Category Archives: unstructured data

How Our Threat Analytics Multi-Region Data Lake on AWS Stores More, Slashes Costs

Data is the lifeblood of digital businesses, and a key competitive advantage. The question is: how can you store your data cost-efficiently, access it quickly, while abiding by privacy laws?

At Imperva, we wanted to store our data for long-term access. Databases would’ve cost too much in disk and memory, especially since we didn’t know much it would grow, how long we would keep it, and which data we would actually access in the future. The only thing we did know? That new business cases for our data would emerge.

That’s why we deployed a data lake. It turned out to be the right decision, allowing us to store 1,000 times more data than before, even while slashing costs.

What is a data lake?

A data lake is a repository of files stored in a distributed system. Information is stored in its native form, with little or no processing. You simply store the data in its native formats, such as JSON, XML, CSV, or text.

Analytics queries can be run against both data lakes and databases. In a database you create a schema, plan your queries, and add indices to improve performance. In a data lake, it’s different — you simply store the data and it’s query-ready.

Some file formats are better than others, of course. Apache Parquet allows you to store records in a compressed columnar file. The compression saves disk space and IO, while the columnar format allows the query engine to scan only the relevant columns. This reduces query time and costs.

Using a distributed file system lets you store more data at a lower cost. Whether you use Hadoop HDFS, AWS S3, or Azure Storage, the benefits include:

  • Data replication and availability
  • Options to save more money – for example, AWS S3 has different storage options with different costs
  • Retention policy – decide how long you want to keep your data before it’s automatically deleted

No wonder experts such as Adrian Cockcroft, VP of cloud architecture strategy at Amazon Web Services, said this week that “cloud data lakes are the future.”

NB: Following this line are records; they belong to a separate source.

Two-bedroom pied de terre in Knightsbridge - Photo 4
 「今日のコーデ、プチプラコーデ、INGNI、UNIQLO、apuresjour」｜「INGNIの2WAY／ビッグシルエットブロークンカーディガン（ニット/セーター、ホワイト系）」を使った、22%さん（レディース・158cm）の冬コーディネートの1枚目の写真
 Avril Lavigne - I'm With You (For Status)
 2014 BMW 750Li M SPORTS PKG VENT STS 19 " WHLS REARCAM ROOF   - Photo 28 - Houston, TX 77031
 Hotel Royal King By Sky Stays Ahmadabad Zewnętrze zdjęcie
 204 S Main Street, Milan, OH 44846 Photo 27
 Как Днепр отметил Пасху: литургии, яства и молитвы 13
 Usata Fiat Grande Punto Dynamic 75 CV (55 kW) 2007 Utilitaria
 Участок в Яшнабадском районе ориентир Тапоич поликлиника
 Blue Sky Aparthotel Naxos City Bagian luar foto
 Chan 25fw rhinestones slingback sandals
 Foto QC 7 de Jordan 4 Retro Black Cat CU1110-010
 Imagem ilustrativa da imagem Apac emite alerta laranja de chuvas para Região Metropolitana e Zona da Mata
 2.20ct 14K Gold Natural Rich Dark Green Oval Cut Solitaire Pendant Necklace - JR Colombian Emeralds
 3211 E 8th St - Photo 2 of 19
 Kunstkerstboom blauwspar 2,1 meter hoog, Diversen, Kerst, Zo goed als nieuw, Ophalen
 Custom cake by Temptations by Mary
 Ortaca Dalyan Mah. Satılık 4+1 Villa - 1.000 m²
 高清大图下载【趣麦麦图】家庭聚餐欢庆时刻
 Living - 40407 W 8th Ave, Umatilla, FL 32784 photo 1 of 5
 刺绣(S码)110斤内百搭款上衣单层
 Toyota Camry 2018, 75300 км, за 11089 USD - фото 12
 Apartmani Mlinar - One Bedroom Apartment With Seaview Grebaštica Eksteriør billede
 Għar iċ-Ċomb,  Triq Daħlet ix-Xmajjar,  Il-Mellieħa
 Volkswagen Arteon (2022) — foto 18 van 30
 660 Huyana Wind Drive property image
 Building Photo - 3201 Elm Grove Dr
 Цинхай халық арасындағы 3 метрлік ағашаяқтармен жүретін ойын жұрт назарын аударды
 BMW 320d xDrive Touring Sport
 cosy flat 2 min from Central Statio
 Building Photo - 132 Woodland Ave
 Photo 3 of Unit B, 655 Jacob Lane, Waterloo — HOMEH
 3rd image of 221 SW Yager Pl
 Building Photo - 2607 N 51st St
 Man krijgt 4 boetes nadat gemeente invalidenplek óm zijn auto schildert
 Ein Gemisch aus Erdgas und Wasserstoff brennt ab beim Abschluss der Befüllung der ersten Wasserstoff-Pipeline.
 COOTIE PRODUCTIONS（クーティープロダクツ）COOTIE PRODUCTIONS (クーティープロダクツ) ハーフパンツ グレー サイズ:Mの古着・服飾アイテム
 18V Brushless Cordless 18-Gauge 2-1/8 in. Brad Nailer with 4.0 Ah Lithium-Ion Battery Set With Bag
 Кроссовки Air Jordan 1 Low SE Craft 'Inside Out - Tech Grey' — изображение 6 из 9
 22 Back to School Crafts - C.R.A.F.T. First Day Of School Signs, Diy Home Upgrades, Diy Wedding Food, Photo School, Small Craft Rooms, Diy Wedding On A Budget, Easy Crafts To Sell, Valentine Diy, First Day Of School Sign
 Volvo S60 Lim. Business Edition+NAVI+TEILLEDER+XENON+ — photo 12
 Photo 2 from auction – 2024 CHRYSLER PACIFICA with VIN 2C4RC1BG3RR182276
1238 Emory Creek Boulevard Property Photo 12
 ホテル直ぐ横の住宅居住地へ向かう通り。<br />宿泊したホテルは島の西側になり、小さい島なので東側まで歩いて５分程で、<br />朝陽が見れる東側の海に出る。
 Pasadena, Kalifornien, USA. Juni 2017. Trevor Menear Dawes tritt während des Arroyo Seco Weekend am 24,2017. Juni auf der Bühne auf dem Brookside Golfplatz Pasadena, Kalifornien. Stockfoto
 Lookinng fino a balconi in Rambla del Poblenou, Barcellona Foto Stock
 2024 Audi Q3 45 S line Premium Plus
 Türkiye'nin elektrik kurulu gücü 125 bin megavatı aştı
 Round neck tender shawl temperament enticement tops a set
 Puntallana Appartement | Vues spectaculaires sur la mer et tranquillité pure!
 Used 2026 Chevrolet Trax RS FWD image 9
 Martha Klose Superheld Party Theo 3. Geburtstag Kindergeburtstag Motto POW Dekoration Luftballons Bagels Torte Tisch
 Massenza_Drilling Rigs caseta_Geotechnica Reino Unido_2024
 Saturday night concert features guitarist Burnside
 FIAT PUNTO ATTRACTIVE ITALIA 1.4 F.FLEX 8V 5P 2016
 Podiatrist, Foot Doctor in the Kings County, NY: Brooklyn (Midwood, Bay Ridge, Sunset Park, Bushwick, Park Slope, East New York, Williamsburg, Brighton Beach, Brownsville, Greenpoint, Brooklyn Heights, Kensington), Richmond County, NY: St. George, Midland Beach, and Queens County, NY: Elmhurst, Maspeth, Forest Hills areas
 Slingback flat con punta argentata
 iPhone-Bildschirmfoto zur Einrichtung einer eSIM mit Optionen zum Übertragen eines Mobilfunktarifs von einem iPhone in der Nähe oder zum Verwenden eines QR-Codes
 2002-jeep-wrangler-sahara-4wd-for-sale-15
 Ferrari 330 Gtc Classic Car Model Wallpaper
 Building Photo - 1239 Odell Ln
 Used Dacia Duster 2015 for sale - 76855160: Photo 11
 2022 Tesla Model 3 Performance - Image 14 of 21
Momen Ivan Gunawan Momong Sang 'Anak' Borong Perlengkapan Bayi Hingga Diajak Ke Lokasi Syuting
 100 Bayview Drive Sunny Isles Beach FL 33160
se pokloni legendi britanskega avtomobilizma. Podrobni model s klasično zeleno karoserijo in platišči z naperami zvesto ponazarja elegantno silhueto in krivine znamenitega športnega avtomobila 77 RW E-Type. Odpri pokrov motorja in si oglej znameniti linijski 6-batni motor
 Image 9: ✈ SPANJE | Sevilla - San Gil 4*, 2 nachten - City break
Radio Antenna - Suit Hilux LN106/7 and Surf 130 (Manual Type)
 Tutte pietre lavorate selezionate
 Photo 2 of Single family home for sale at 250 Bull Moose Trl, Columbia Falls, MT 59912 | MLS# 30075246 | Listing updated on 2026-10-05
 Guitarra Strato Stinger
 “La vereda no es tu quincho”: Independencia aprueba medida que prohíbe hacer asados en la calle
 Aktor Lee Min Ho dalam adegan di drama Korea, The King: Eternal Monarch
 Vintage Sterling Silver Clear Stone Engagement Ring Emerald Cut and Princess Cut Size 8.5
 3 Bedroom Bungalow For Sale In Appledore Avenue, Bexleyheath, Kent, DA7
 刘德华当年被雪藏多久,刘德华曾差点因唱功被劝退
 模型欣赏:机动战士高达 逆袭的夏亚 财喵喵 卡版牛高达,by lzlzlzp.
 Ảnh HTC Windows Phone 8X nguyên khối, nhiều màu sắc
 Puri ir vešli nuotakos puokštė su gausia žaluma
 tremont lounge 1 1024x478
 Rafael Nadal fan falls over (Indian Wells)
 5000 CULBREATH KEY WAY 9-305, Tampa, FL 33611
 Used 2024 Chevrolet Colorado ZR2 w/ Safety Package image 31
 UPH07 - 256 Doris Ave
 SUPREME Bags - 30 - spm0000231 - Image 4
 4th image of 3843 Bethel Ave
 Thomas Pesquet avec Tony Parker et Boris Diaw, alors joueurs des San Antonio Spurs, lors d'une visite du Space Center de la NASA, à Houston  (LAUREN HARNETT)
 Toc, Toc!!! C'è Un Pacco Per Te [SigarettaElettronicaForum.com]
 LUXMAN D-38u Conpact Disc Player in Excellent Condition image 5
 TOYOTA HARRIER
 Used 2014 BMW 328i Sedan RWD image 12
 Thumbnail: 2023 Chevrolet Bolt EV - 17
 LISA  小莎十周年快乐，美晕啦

Analytic queries: data lake versus database

Let’s examine the capabilities, advantages and disadvantages of a data lake versus a database.

The data

A data lake supports structured and unstructured data and everything in-between. All data is collected and immediately ready for analysis. Data can be transformed to improve user experience and performance. For example, fields can be extracted from a data lake and data can be aggregated.

A database contains only structured and transformed data. It is impossible to add data without declaring tables, relations and indices. You have to plan ahead and transform the data according to your schema.

Figure 1: Data Lake versus Database

The Users

Most users in a typical organization are operational, using applications and data in predefined and repetitive ways. A database is usually ideal for these users. Data is structured and optimized for these predefined use-cases. Reports can be generated, and filters can be applied according to the application’s design.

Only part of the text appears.